This book draws from modern Chinese scholarship in mainland China. This may seem unusual, since mainland scholarship through many parts of the twentieth century has withered in the tepid Chinese political climate. The last ten years, however, have seen a new blossoming of Zen scholarship in mainland China, which, while recognizing the work of scholars in Japan and Taiwan, breaks new ground itself. The nineties have produced a great number of new Zen histories and translations of old texts into modern Chinese. In general, I find that the modern Chinese books on Zen accept traditional explanations of events more readily than Western scholars have done. However, mainland sources do not accept events uncritically. Indeed, they back up their views with extensive citations from generally reliable historical sources.
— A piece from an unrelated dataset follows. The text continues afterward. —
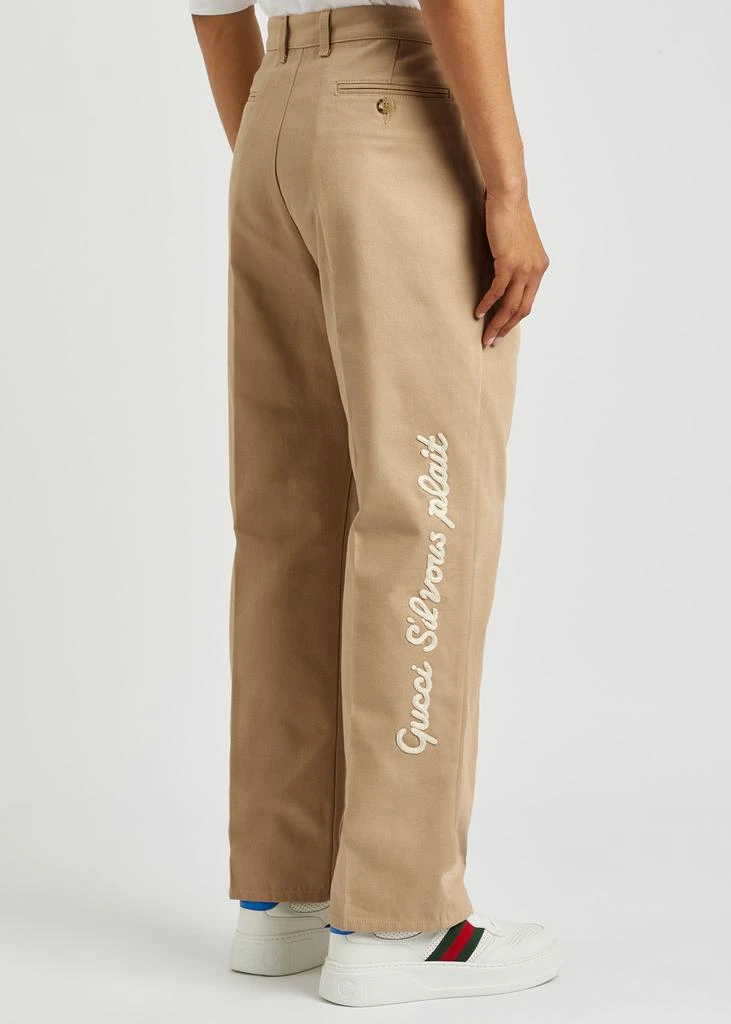 Gucci S'il Vous Plaît cotton trousers 3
“Zen” is the Japanese pronunciation of the Chinese word “Chan.” The two terms are interchangeable. The latter term is generally used in the context of Chinese culture. Because the Zen tradition was made known to Westerners largely through the works of Japanese scholars and religious figures such as Daisetz Suzuki, the term Zen is widely recognized in the West. For this reason, the word Zen is used in this book instead of Chan.

The inspiration for this book came from the public kōan class offered at San Francisco Zen Center’s Green Dragon Temple at Green Gulch Farm. For many years, Tenshin Reb Anderson has offered a “Monday night class” on Thomas Cleary’s translation of the
Book of Serenity
for the benefit of his students and other serious participants. In the manner of the Zen ancients, Tenshin has raised the ancient cases for public viewing. This is a style of Zen practice whereby students may realize their own personal understandings, and then set them forth for others to see, to taste, and to test.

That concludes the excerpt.